A well-known organisational meta-pattern for self-adaptive systems is MAPE [30]: it suggests structuring the system feedback control loop into four components: Monitor, Analyse, Plan, and Execute. In [49], several MAPE patterns are provided for organising the adaptation logic in decentralised self-adaptive systems. These are related and operate in a similar design context, but their focus is on internal organisation of system adaptivity rather than on external, application design. In particular, the Regional Planning pattern [49] consists in distributing Planning components to different “software regions” (i.e., loosely coupled software subsystems); there, they collect data from Analyse components (which are fed by Monitoring components) and command Execute components for enaction of planned adaptations. SCR subsumes Regional Planning: it enables the design of self-adaptation control loops but goes beyond that, by covering various assignments of responsibilities to the participants and being directly usable for application logic as well; e.g., leaders in SCR may gather regional data, resolve contention, or propagate events.

Known Uses. Various forms and uses of the SCR pattern can be found in literature. In [29], SCR is used to design a decentralised service orchestration system; there, a workflow specification is split for scalability and performance into sub-workflows executed by multiple collaborating engines that are migrated to different network regions based on placement analysis. In [19], SCR is applied in the design of a WSN middleware, TCMote, where the system is organised in (possibly hierarchical) sensor regions governed by leaders with higher capabilities than the other region nodes (called motes); TCMote uses tuple channels for one-to-many and many-to-one communication between region sensors and the region leader in a single-hop. In the WSN middleware TS-Mid [31], tuple space-based logical regions are used for power saving; there, regional leaders dispatch operations to normal nodes and transmit results to sink nodes. In [48], the authors leverage dynamically selected, human-controlled leaders to guide robot swarms towards goal regions. Other known uses of the pattern include distributed sensing [12], target counting [37], group management for target tracking [32], design of self-adaptation control loops [49] (as discussed above), crowd tracking and steering [4, 10] in opportunistic IoT, as well as peer-to-peer clouds [13].

Fig. 1.
figure 1

SCR from a structural perspective—see description in Sect. 3.1. Notation: “gateway-like” nodes denote candidate leaders (red for active ones, grey for unelected ones); small grey squares denote relays; small grey circles denote users/workers (Color figure online)

3 Pattern Description

Intent. Support scalable control and monitoring of a distributed system, with resiliency to failures and dynamicity, and balancing centralisation and decentralisation in decision making.

Name and Synonyms

  • Self-organising Coordination Regions. This reflects the decentralised nature of this pattern, as well as its support for coordination through scoped, endogenous, emergent structures and dynamics.

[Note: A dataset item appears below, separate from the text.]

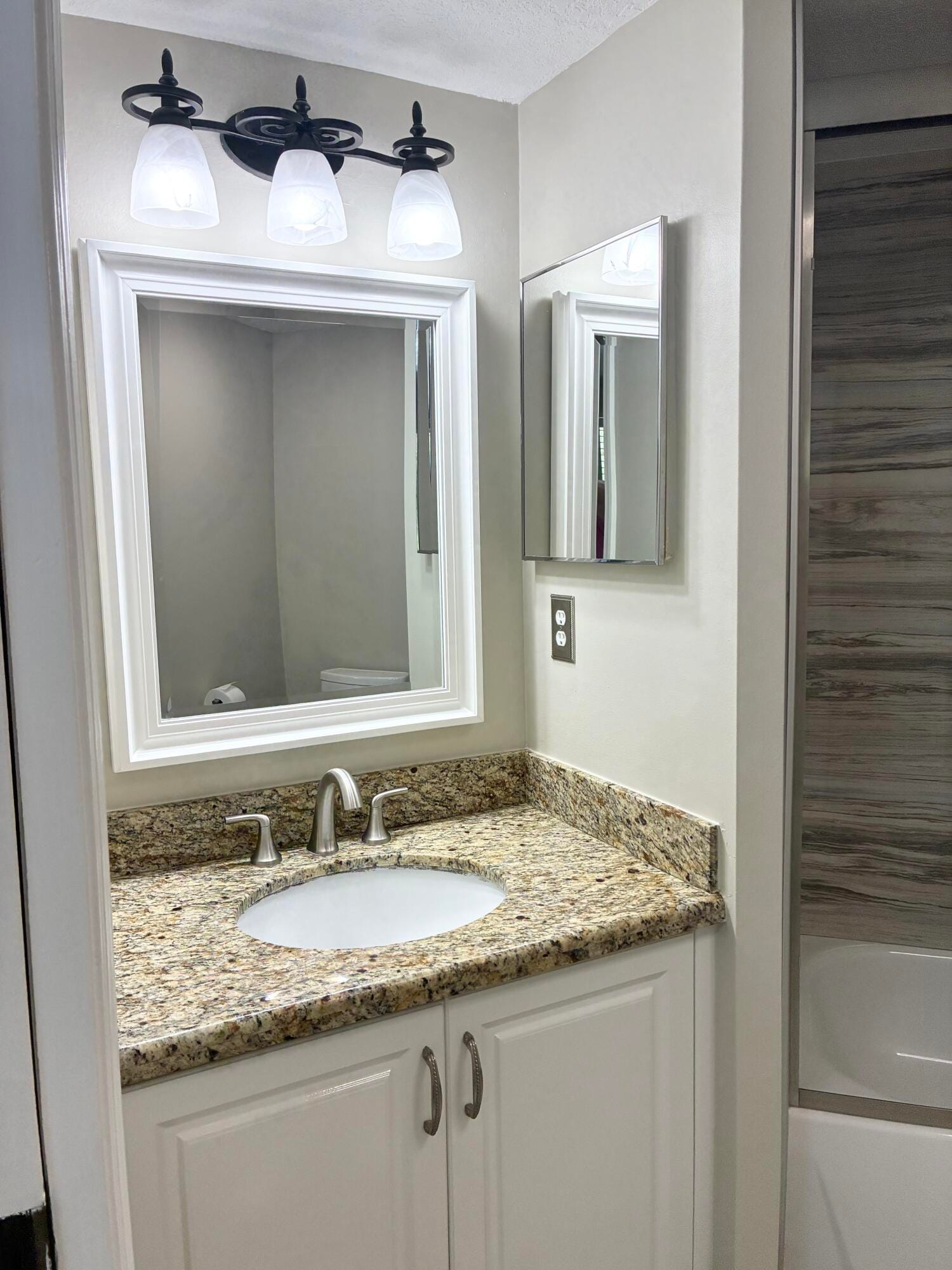 1000 CRESTWOOD Court S 1005, Royal Palm Beach, FL 33411 photo 15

  • Decentralised Multi-Orchestration. This is also a suitable name, as the pattern defines a decentralised coordination strategy for injecting multiple orchestration points into a system, creating corresponding system partitions regulated through feedback loops.

  • SGCG. This name denotes the chain of aggregate programming blocks that provides a possible implementation schema of the pattern (see Sect. 4).

3.1 Structure and Participants

Structurally, the pattern is organised as of Fig. 1. The system is a network of nodes on which spatially extended and dynamic structures, called regions, emerge, each “containing” a subset of devices. These components can assume at any time one or more of the following roles:

  • Candidate leader: a device eligible for leader election—even though the pattern itself makes no assumption on the network structure, on an edge deployment usually candidate leaders correspond to edge servers;

  • Leader: the device responsible for obtaining information from and propagating decisions within a region;

  • User (or worker): device which sends/receives information to/from the leader of the region it is part of;

  • Relay: non-user and non-candidate device participating in the computation.

Fig. 2.
figure 2

SCR from a dynamical perspective—see description in Sect. 3.2. Notation: solid arrows represent required inputs or unavoidable perturbations; dashed lines denote possible feedback loops

3.2 Dynamics and Collaborations

The pattern induces a computational behaviour organised in four phases:

  1. 1.

    Election of leaders. Leaders are elected from the set of candidates.

  2. 2.

    Formation of regions. Structures are created such that each user is assigned to a single leader, and information can flow in both directions through proper communication paths.

  3. 3.

    Information flow from users to leaders. User nodes stream data or updates needed by leaders to achieve the system goals, and some processing can occur en-route—examples include sensor data, local events, service requests, or feedback information for the assigned tasks.

  4. 4.

    Information flow from leaders to users. Leaders stream computation results to all members of their managed region—it may be a decision to be enacted, a collective view to be propagated, instructions to be assigned, and so on.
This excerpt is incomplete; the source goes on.